"THE CASE OF THE SULKY GIRL." Now that sounded like a play the Junior Class could sink its tonsils into! Most of us knew Perry Mason the same way we knew Jack Armstrong, Fred Allen, and Superman--from radio. The radio version of Perry Mason ran from 1943 until 1955, so the Class of '53 felt very comfortable with Mr. Wall's choice of a play. No silly Shakespearean tights or tangled English needed for this! And we even had a leading man an audience wouldn't snicker about.
Jim De Ciancio wasn't really handsome, but he had broad shoulders, and even wider confidence. Because of his heft and dark coloring, he spookily resembled Raymond Burr, who was to play the TV Perry Mason later in the decade. In addition, fate had gifted Jim with a deep, rich voice and a love of drama, onstage and off. At 17, he could easily pass for 21, and often did. More than one Arizona traffic cop played bit parts in Jim's ad lib comedies.

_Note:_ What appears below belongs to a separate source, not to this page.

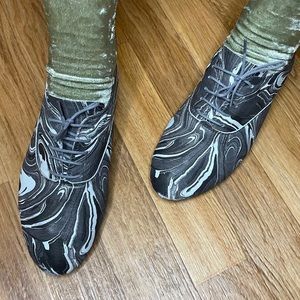 Repetto x Rodarte marble lace up shoes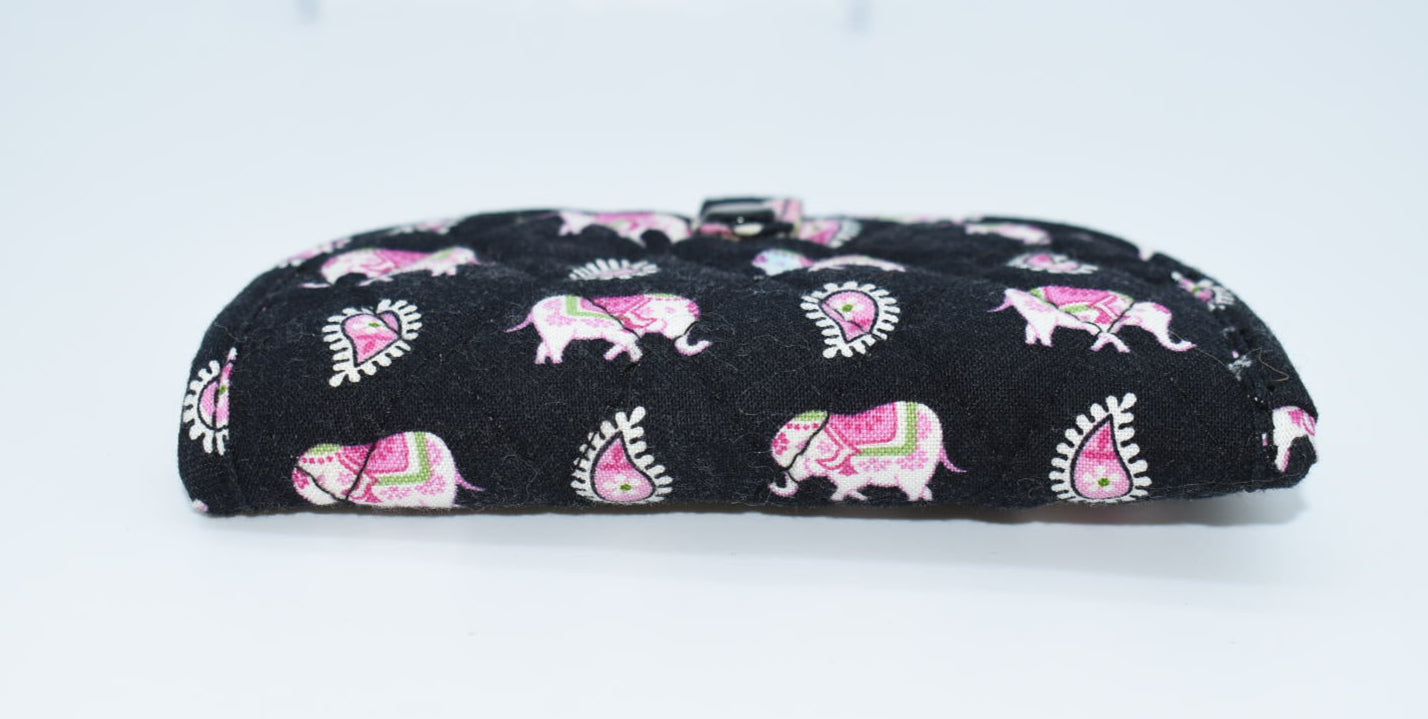 Vera Bradley Mini Jewelry Roll Pouch in "Pink Elephants" Pattern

Now I knew I wasn't going to play the "Sulky Girl" in this drama. If parents and friends are coerced into showing up at school and college productions, the very least they have a right to expect is a pretty girl in the leading role. Tall, blonde Carol Ann fit that bill, with a few bonuses thrown in. But what about Della Street, Perry's secretary? She had pages of lines, and I was great at memorizing.
Lewoy had other plans. Now, you need to know that most of us really enjoyed Leroy Wall, the speech and drama coach. His minor lisp, his little problem with the letter 'r,' which could have made a high school teacher's life miserable, was just one more fun aspect of the man. Yes, we called him "Lewoy," behind his back. We also hung around after class to talk with him, and crowded into his office whenever he absent-mindedly left the door open. He was something like a young bear, with a shambling walk and dark blond hair, rather shaggy for the Fifties. His hands were large, well-shaped, and constantly in motion, often framing his face, or reaching out into the air, trying to capture some idea, some theme, some vision he wanted us to share.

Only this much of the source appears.